#### [WHAT IS NEEDED]
The answer must be the lines from the one that holds "Diagram comparing ideal" through the final line of the data, copied exactly, with no pictures.

#### [COLLECTED MATERIAL]
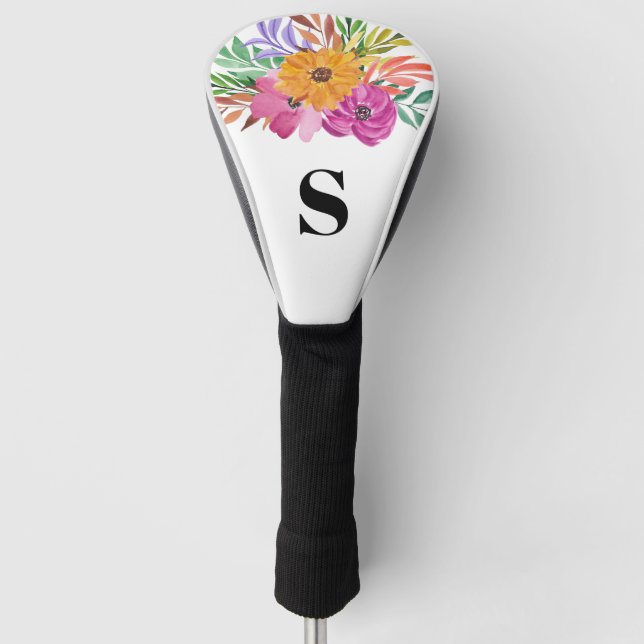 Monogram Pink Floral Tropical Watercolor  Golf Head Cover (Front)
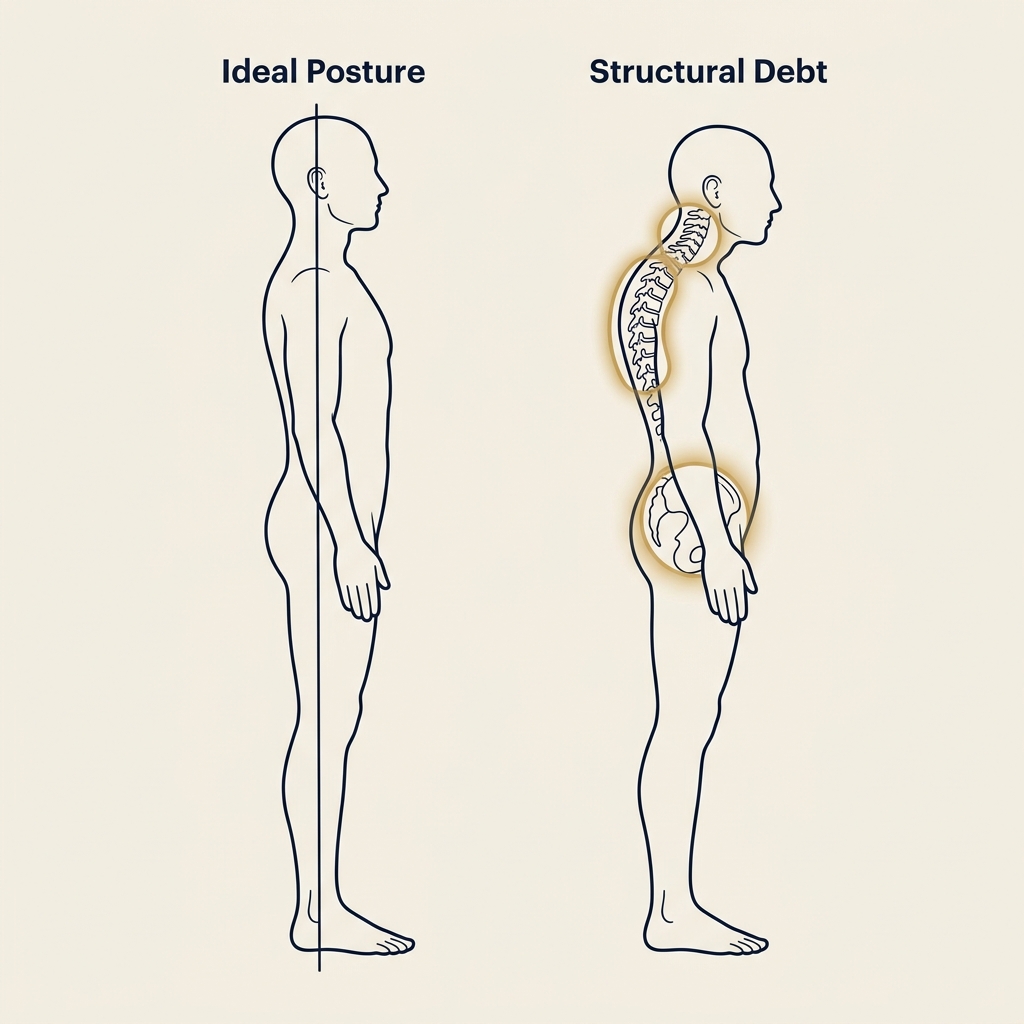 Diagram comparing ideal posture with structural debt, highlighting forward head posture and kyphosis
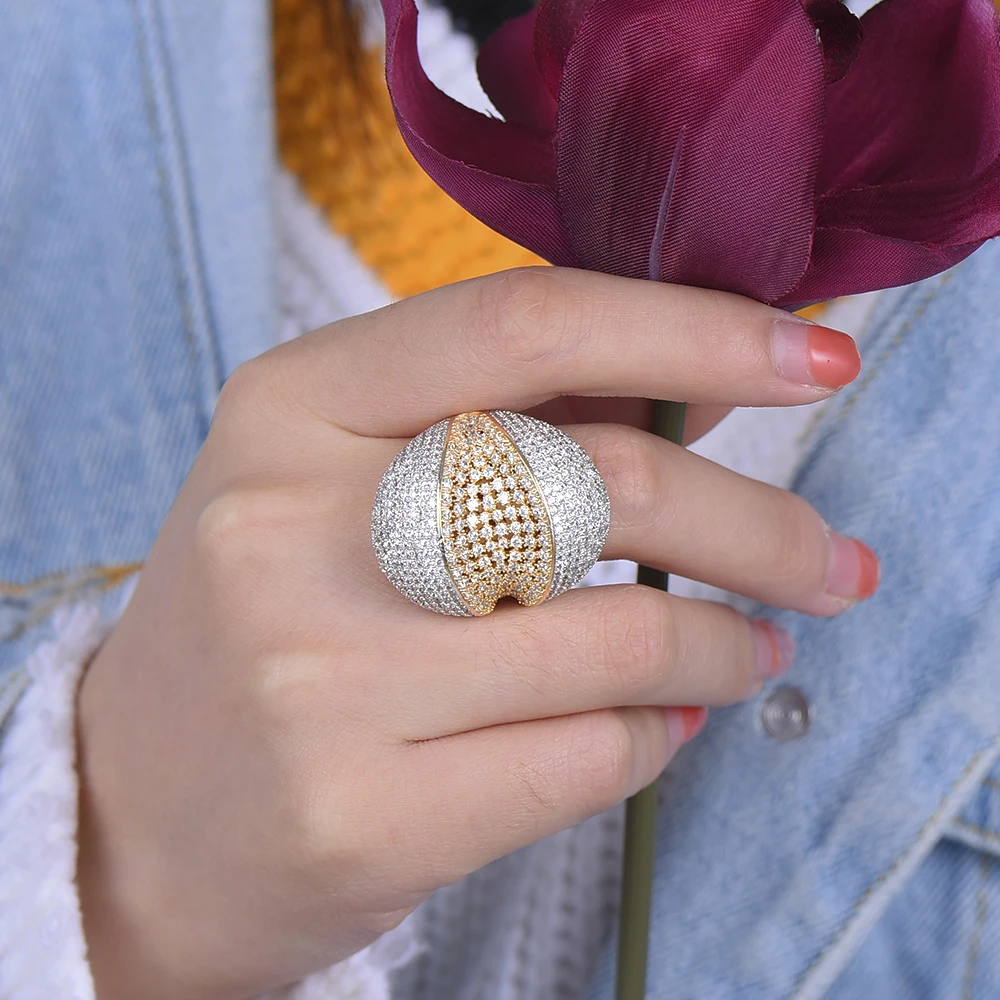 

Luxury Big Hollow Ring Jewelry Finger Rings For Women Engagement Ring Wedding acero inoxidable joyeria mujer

#### [TASK OUTPUT]
 Diagram comparing ideal posture with structural debt, highlighting forward head posture and kyphosis

Luxury Big Hollow Ring Jewelry Finger Rings For Women Engagement Ring Wedding acero inoxidable joyeria mujer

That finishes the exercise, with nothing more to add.